◆ Directions
Output exactly the lines below, starting with the line that has "Мужская футболка оверсайз" and going on through the line that has "Round Nesting Coffee", both included, and no other lines.
[[ Dataset records open ]]
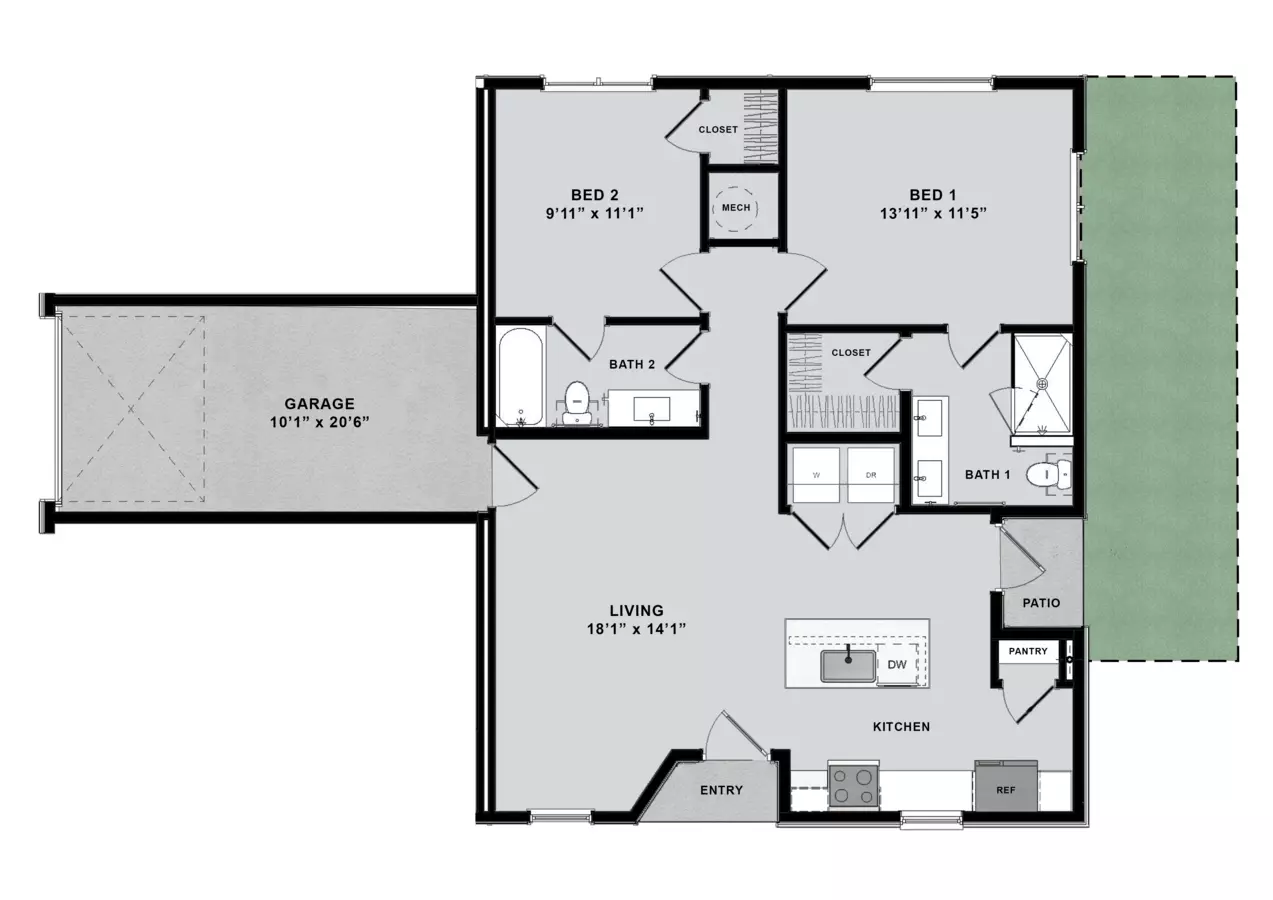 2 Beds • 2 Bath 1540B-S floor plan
[[ Dataset records closed ]]
[[ Dataset records open ]]
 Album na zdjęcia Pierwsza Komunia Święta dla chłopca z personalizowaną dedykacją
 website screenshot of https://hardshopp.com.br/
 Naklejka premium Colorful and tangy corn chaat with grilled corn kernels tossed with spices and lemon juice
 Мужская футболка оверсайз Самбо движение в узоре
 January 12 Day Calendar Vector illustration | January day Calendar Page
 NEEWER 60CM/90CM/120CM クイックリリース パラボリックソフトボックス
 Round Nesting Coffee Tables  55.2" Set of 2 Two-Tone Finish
[[ Dataset records closed ]]
◆ Solution below
 Мужская футболка оверсайз Самбо движение в узоре
 January 12 Day Calendar Vector illustration | January day Calendar Page
 NEEWER 60CM/90CM/120CM クイックリリース パラボリックソフトボックス
 Round Nesting Coffee Tables  55.2" Set of 2 Two-Tone Finish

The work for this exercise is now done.